Google recently announced project Tango – a 3D mapping framework that will allow for simple scanning and virtual generation of a real world 3D environment. This project falls in the category of several sensing applications that utilize sensors such as Microsoft’s Kinect and PrimeSense’s 3D, Pelican Imaging, Softkinetic, and PMD that has emerged in the recent years.
Project Tango includes SDK and a phone like sensing device that is similar to Kinect in functionality, although it appears to be missing a depth sensor and texture projector. These sensors allow the phone to make over a quarter million 3D measurements every second, updating its position and orientation in real-time, combining that data into a single 3D model of the space around the user.
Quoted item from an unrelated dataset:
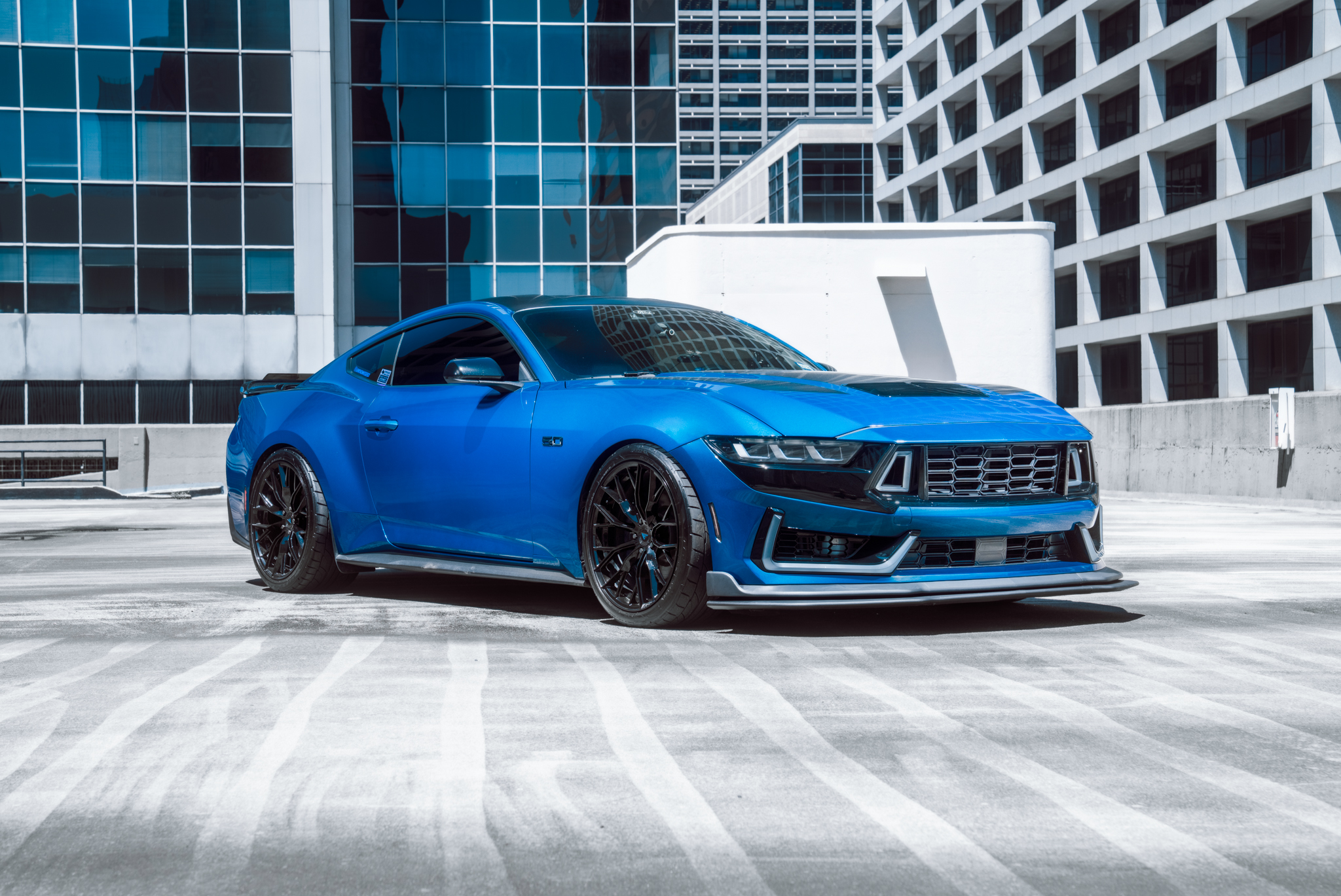 2025 Mustang S560 - FR9 OB (2 of 6)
This framework will be beneficial when creating augmented reality experiences, and I assume that there will be a close integration with Google Glass. I can see this being used in processes where a 3D point map of real space would be needed such as drone navigation in warehouses or augmented reality scenarios. Imagine creating a 3D point cloud of a factory floor, and incorporating various scenarios such as fire or falling piece of equipment that would play out when user physically approaches the trigger area. Such scenario would be great for training. Another example would be creating a scan of museum space, and loading various audio/visual material that would supplement existing exhibits. Such supplementary material would be visible with the aid of Google Glass or similar AR interface. Tango device could also be useful for 3D model generation, a topic we previously covered here, and here.
Tango offers a glimpse of things to come in near future. Google is doing a great thing here by developing a framework that will help the future generations of artists, scientists, hobbyists and other visionaries create new ways of interaction with our environment.